J'ai apporté un maillet et lorsque je donne un coup sur la table, tout le monde cessera de parler, à l'exception de la sténographe et de moi‑même, qui maîtrise son hilarité. (…) Alors, j'espère que cela mettra fin à la bisbille entre les deux parties.

(Transcription du 7 août 2013, page 515; dossier de la demanderesse, page 766.)
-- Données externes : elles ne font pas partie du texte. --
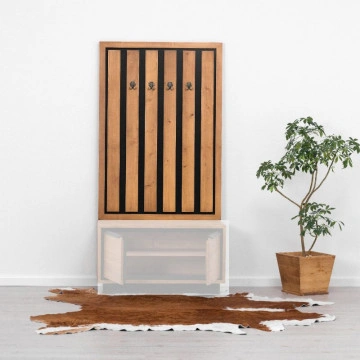 Cuier Lemn masiv Mexicana, 4 agatatori duble, 100 x 4 x 155 cm - Img 5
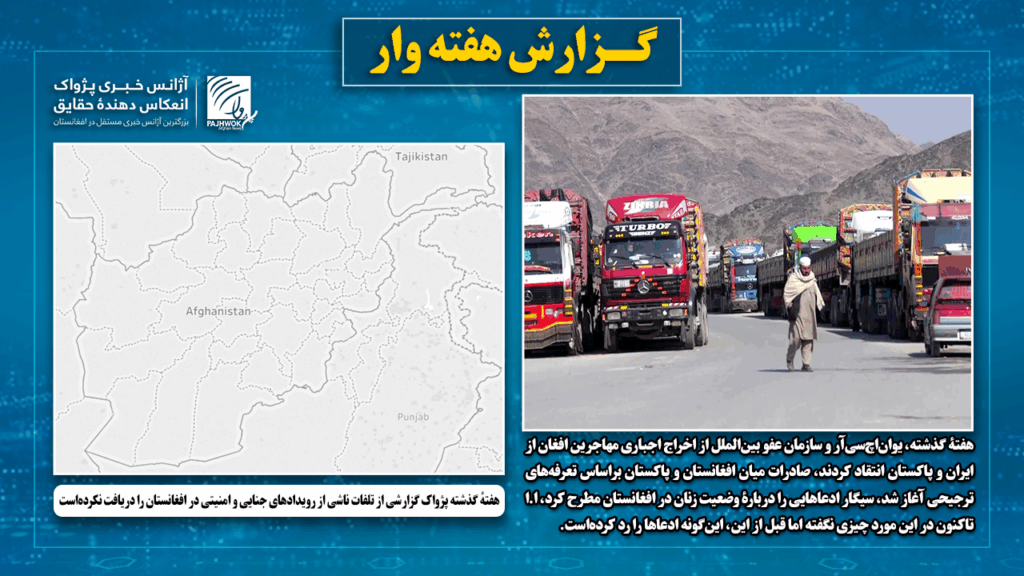 هفتهٔ گذشته پژواک گزارشی از تلفات ناشی از رویدادهای جنایی و امنیتی در افغانستان را دریافت نکرده‌است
[41]           Au cours du contre‑interrogatoire du défendeur par Me Purves, l'arbitre est intervenu dans l'interrogatoire. Dans une conversation particulière et en apparence enfantine, Me Purves a dit : [traduction] « vous pouvez frapper votre maillet autant que vous le désirez » et [traduction] « pointer votre maillet sur moi encore ». La conversation s'est poursuivie et M. Walia est intervenu à un moment donné pour dire : [traduction] « C'est menaçant, monsieur. C'est menaçant, monsieur. Je suis menacé. » Apparemment, il s'est levé et a agité les mains. À ce moment, l'arbitre a expulsé M. Walia de la salle d'audience. Après une courte pause, M. Walia a été réadmis dans la salle, sous réserve des directives de Me Purves selon lesquelles il ne devait pas prendre la parole à moins que l'arbitre ou Me Purves ne s'adresse à lui (voir le dossier de la demanderesse aux pages 833 à 838). Selon cette conversation, on peut supposer que la relation entre l'arbitre et Me Purves avait dégénéré et que la tension dans la salle était très vive. L'utilisation du maillet était certainement très bizarre et même dépourvue de professionnalisme et arbitraire. Cependant, je n'ai pas été convaincu que la partialité avait été établie.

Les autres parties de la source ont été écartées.